The amount of data from global biomedical research is massive and growing fast. Big Data should probably be re-named “Bigger Data.” The National Center for Biotechnology Information reported recently that the increased data from genomics sequencing research alone, which doubles every seven months, is equivalent to or greater than data generated by astronomy, YouTube, and Twitter. New research starts with surveying historical studies, which becomes ever-more daunting when the data is in firestorm growth mode. Privacy concerns with biomedical data compound the issue.

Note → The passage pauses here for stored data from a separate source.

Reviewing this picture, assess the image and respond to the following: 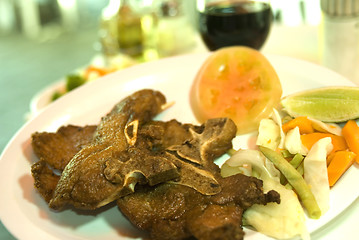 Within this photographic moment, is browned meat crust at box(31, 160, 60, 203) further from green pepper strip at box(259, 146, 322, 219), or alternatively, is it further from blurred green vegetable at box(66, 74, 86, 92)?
blurred green vegetable at box(66, 74, 86, 92)

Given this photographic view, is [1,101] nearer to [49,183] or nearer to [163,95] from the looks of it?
[163,95]

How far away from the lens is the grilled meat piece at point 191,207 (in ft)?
3.79

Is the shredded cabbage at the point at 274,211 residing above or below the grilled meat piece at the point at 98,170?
below

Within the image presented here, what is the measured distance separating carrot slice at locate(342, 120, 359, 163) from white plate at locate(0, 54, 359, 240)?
89 mm

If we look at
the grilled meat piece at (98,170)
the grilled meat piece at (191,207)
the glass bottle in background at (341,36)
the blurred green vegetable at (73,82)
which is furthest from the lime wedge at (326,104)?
the blurred green vegetable at (73,82)

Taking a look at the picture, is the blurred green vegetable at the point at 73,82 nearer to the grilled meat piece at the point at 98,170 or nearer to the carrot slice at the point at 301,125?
the grilled meat piece at the point at 98,170

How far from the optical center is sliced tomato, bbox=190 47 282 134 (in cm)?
177

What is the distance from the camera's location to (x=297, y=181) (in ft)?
4.32

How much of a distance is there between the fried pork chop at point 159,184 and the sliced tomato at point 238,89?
0.25 m

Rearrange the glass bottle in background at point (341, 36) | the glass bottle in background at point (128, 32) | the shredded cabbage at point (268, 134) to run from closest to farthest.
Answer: the shredded cabbage at point (268, 134) → the glass bottle in background at point (341, 36) → the glass bottle in background at point (128, 32)

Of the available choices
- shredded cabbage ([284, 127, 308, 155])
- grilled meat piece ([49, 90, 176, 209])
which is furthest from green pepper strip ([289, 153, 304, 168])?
grilled meat piece ([49, 90, 176, 209])

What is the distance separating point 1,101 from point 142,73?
205 centimetres

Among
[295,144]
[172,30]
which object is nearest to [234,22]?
[172,30]

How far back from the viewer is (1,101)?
368cm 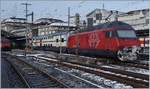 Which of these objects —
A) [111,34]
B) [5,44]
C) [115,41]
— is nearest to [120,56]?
[115,41]

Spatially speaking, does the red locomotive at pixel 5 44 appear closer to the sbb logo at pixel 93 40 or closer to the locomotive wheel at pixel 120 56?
the sbb logo at pixel 93 40

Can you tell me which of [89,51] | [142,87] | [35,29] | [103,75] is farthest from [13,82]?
[35,29]

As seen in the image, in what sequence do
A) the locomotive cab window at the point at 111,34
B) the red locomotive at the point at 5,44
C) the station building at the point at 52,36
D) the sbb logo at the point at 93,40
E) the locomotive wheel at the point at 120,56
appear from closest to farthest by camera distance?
the locomotive wheel at the point at 120,56
the locomotive cab window at the point at 111,34
the sbb logo at the point at 93,40
the station building at the point at 52,36
the red locomotive at the point at 5,44

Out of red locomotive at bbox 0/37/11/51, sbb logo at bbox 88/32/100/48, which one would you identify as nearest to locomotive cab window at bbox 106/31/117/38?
sbb logo at bbox 88/32/100/48

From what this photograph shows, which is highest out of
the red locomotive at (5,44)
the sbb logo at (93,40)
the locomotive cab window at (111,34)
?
the locomotive cab window at (111,34)

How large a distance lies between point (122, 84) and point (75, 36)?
2244 centimetres

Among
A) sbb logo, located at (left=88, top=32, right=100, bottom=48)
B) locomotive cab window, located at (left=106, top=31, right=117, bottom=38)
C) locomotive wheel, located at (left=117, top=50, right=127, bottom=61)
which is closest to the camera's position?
locomotive wheel, located at (left=117, top=50, right=127, bottom=61)

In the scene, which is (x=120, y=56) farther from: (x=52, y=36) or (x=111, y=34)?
(x=52, y=36)

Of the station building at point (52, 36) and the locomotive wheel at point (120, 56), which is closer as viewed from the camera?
the locomotive wheel at point (120, 56)

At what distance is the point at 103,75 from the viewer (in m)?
14.8

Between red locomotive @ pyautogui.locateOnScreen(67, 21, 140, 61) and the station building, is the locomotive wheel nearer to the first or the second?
red locomotive @ pyautogui.locateOnScreen(67, 21, 140, 61)

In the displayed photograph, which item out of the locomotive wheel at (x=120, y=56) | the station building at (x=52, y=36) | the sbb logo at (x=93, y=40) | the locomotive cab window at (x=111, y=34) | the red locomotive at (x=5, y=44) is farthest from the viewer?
the red locomotive at (x=5, y=44)

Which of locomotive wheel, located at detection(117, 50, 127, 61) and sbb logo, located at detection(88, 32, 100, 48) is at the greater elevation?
sbb logo, located at detection(88, 32, 100, 48)

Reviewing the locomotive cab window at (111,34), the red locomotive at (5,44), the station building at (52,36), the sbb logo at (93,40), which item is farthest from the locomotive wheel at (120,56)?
the red locomotive at (5,44) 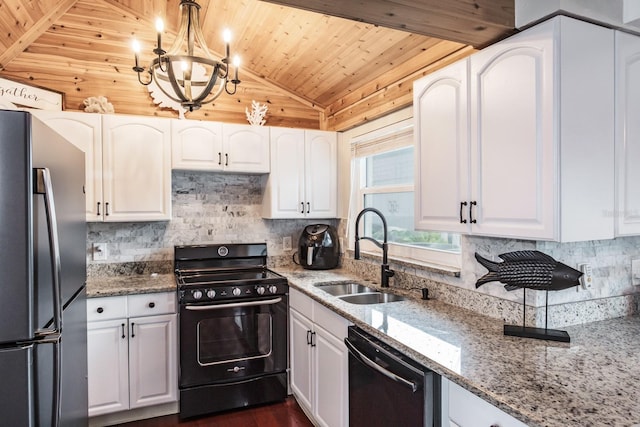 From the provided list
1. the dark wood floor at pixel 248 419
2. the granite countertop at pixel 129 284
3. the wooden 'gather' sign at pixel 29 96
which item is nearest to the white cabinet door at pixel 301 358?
the dark wood floor at pixel 248 419

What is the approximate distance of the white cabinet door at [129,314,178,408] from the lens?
2709mm

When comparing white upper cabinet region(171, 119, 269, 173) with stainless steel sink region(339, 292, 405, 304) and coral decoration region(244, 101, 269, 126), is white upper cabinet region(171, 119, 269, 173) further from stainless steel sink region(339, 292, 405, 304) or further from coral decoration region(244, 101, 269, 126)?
stainless steel sink region(339, 292, 405, 304)

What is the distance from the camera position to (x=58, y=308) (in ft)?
3.98

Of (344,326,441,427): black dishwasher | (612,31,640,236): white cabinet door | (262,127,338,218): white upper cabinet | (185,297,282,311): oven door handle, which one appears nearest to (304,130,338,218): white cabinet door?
(262,127,338,218): white upper cabinet

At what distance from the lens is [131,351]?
270 centimetres

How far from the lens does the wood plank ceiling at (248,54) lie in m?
2.55

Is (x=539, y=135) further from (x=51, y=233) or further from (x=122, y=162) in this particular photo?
(x=122, y=162)

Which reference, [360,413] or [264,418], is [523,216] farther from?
[264,418]

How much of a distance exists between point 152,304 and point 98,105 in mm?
1521

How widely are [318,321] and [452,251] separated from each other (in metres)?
0.90

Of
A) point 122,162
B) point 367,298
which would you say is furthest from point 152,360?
point 367,298

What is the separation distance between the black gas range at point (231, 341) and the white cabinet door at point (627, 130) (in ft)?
6.76

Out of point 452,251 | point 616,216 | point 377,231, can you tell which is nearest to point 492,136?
point 616,216

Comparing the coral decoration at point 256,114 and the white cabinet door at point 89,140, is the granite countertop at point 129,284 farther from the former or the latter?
the coral decoration at point 256,114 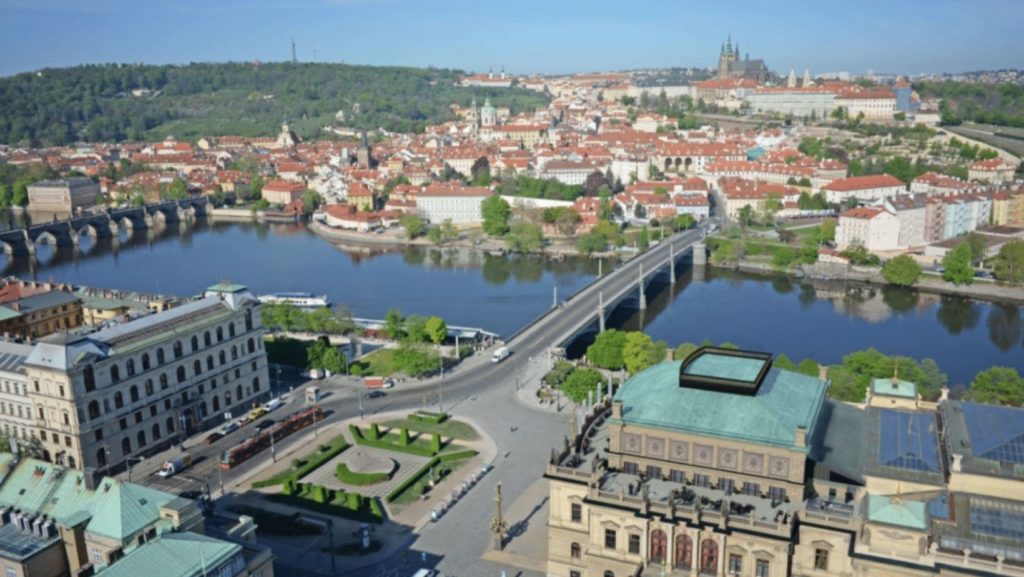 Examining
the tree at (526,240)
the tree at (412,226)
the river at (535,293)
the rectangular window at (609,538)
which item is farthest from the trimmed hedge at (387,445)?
the tree at (412,226)

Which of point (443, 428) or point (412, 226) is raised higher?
point (412, 226)

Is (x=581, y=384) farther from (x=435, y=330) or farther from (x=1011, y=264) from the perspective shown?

Google Cloud‘s healthcare and biomedical data team recently announced a partnership with the National Institutes of Health to build a global biomedical data ecosystem. Google will work with the STRIDES (Science and Technology Research Infrastructure for Discovery, Experimentation, and Sustainability) initiative to simplify access by appropriate parties to select, NIH-funded datasets. The datasets will be protected with researcher authentication and authorization mechanisms integrated with Google Cloud credentials. To ensure compliance with industry standards for data access, discovery, and cloud computation, Google is working with the Global Alliance for Genomics & Health and the BioCompute Consortium. Google also brings its open source tools to the Big Data table. These tools, which the company continues to develop, will be used to structure and integrate biomedical datasets.
Google’s participation in biomedical data storage, protection, management, and access enhances the data with storage capacity, resources, networks, and tools. The advantages of Google Cloud’s involvement for researchers are readily apparent, but the concept of a single, private company controlling the world’s supply of any resource may raise concerns in some circles. There is knowledge buried within data, however, and increased access to publicly-funded research can lead to wide-ranging advances in medicine and healthcare.